Understanding Subqueries in SQL
SQL adheres to syntax rules like any programming language. The syntax governing the use of subqueries in WHERE clauses in SQL depends on the following concepts:
Query Predicates and Predicate Operators
Aggregrated and Correlated Queries
Conjuncts and Disjuncts
Query Predicates and Predicate Operators
A predicate in SQL is a condition that evaluates to a Boolean value. For example, the predicate in the preceeding example returns true for a row of the transfer_payments
table if at least one row exists in the us_census
table with the same year as the transfer_payments
row. The predicate starts with the first WHERE keyword.
... WHERE transfer_payments.year IN (SELECT year FROM us_census);
A SQL predicate in a subquery must also contain a predicate operator. Predicate operators specify the relationship tested in a predicate query. For example, the predicate operator in the above example is the IN keyword.
Aggregated and Correlated Queries
Aggregated queries combine one or more aggregate functions, such as AVG, SUM, and MAX, with the GROUP BY statement to group query results by one or more table columns. In the following example, the AVG aggregate function returns the average salary of all employees in the engineering department grouped by year:
SELECT year, AVG(salary) FROM Employees WHERE department = 'engineering' GROUP BY year
Note | |
---|---|
The GROUP BY statement may be either explicit or implicit. |
Correlated queries contain a query predicate with the equals (=) operator. One side of the operator must reference at least one column from the parent query and the other side must reference at least one column from the subquery. The following query is a revised and correlated version of the example query that is shown at the beginning of this section. It is a correlated query because one side of the equals predicate operator in the subquery references the state
column in the transfer_payments
table in the parent query and the other side of the operator references the state
column in the us_census
table.
SELECT state, net_payments FROM transfer_payments WHERE EXISTS (SELECT year FROM us_census WHERE transfer_payments.state = us_census.state);
In contrast, an uncorrelated query does not reference any columns in the parent query.
Conjuncts and Disjuncts
A conjunct is equivalent to the AND condition, while a disjunct is the equivalent of the OR condition.
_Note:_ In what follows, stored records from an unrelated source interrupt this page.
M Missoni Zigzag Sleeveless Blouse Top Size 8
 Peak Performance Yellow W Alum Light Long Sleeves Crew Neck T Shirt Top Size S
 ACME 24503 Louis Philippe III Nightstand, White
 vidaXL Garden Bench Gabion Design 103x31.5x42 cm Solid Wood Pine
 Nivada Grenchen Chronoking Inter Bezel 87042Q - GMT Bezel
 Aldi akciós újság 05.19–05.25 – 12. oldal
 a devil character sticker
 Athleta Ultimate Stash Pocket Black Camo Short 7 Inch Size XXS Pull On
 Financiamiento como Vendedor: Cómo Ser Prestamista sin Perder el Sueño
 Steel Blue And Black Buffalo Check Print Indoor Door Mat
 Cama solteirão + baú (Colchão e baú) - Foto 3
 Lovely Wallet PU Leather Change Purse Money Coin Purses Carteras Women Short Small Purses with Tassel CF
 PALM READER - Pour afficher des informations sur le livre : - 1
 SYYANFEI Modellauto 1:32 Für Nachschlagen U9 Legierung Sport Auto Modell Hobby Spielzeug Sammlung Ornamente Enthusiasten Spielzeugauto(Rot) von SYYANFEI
The following subquery contains a conjunct:
... WHERE transfer_payments.year = "2010" AND us_census.state = "california"
The following subquery contains a disjunct:
... WHERE transfer_payments.year = "2010" OR us_census.state = "california"
Restrictions on Subqueries in WHERE Clauses
Subqueries in WHERE clauses have the following limitations:
Subqueries must appear on the right hand side of an expression.
Nested subqueries are not supported.
Only one subquery expression is allowed for a single query.
Subquery predicates must appear as top level conjuncts.
Subqueries support four logical operators in query predicates: IN, NOT IN, EXISTS, and NOT EXISTS.
The IN and NOT IN logical operators may select only one column in a WHERE clause subquery.
The EXISTS and NOT EXISTS operators must have at least one correlated predicate.
The left side of a subquery must qualify all references to table columns.
References to columns in the parent query are allowed only in the WHERE clause of the subquery.
Subquery predicates that reference a column in a parent query must use the equals (=) predicate operator.
Subquery predicates may not refer only to columns in the parent query.
Correlated subqueries with an implied GROUP BY statement may return only one row.
All unqualified references to columns in a subquery must resolve to tables in the subquery.
Correlated subqueries cannot contain windowing clauses.